= Boat rigging =

Setting up a rowing boat to accommodate the crew for rowing

Boats used in the sport of rowing may be adjusted in many different ways according to the needs of the crew, the type of racing, and anticipated rowing conditions. The primary objective of rigging a boat is to accommodate the different physiques and styles of rowing of the crew in such a way that the oars move in similar arcs through the water, thus improving the crew's efficiency and cohesiveness.

Together, the various adjustments are known as the 'rig' of the boat. Within a multi-rower crew, such as an eight, different oarsmen will make small adjustments to their own position, though most settings are usually uniform throughout the crew.

The order of the outriggers on the boat can also be altered so that rowers on different sides can row in different positions in the boat. This is covered in the article on Boat positions.

==Gearing==
The oar acts as a lever, pivoting around the gate, which acts as a fulcrum. The oar's button sets the leverage ratio between the inboard and outboard portions of the oar and therefore sets the gearing.

Moving the button towards the handle reduces the inboard and increases the outboard, making each stroke harder but more effective. Such a gearing might be used for sprint racing.

The distance of the gate from the boat's centerline is usually adjustable by 3 to 4 cm (2 to 2.5 inches).

The gearing is usually set the same for all rowers in a crew, though a particularly tall or strong oarsman may have a different gearing to accommodate them.

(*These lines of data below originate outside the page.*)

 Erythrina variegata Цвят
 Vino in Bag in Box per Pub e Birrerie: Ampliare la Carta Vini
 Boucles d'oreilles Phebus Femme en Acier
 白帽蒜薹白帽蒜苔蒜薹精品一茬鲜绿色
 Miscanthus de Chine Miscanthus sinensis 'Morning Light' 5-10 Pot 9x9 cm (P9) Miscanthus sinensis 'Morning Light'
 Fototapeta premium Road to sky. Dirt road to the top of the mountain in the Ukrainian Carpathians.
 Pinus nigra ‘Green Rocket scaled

The gear ratio is calculated slightly differently for sculling and sweep boats.

Sculling:

$G = \frac{2(OA-IB)}{S}$

Sweep:

$G = \frac{(OA-IB)}{S}$

where $OA$ is the overall oar length, $IB$ is the inboard length, and $S$ is the spread

The reason for two formulas is that spread is typically measured as the distance between port and starboard pins in a sculling boat and the distance between the keel and the pin for a sweep boat. Common gear ratios for sculling are between 2.4 and 2.6; for sweep common gear ratios are between 3.0 and 3.2.

==Height==
The height of the gate can be adjusted, usually by moving washers on the pin from below it to above it, or vice versa. This may be required if the boat is sitting particularly low or high in the water, due to the crew's weight. If the crew anticipates rough water the boat may be rigged higher to allow more clearance of the blade above the water on the recovery.

The height of the gate is usually measured from the lowest point on the top of the seat.

==Transverse Pitch==
The gate can be rotated so that the blade is presented to the water at a slight angle, usually so that the top of the blade is further towards the stern than the bottom while it is in the water. This makes it easier to keep the blade at the right height during the stroke and to extract it at the end. Usually 3 to 5 degrees of transverse pitch is used, and when rowers talk of 'pitch' they are referring to transverse pitch.

Transverse pitch may be achieved by rotating the pin on which the gate pivots, or by adding shaped wedges into the back of the gate for the oar to rest on.

Transverse pitch is usually set the same for all members of a crew. If the rowers on one side had a different transverse pitch than the other it would tend to unbalance the boat.

In the UK it is called Stern pitch.

==Lateral Pitch==
Lateral pitch is the angle by which the pin leans away from the boat, with the top of the pin further from the boat's centreline than the bottom. Lateral pitch typically ranges from 0 to 2 degrees.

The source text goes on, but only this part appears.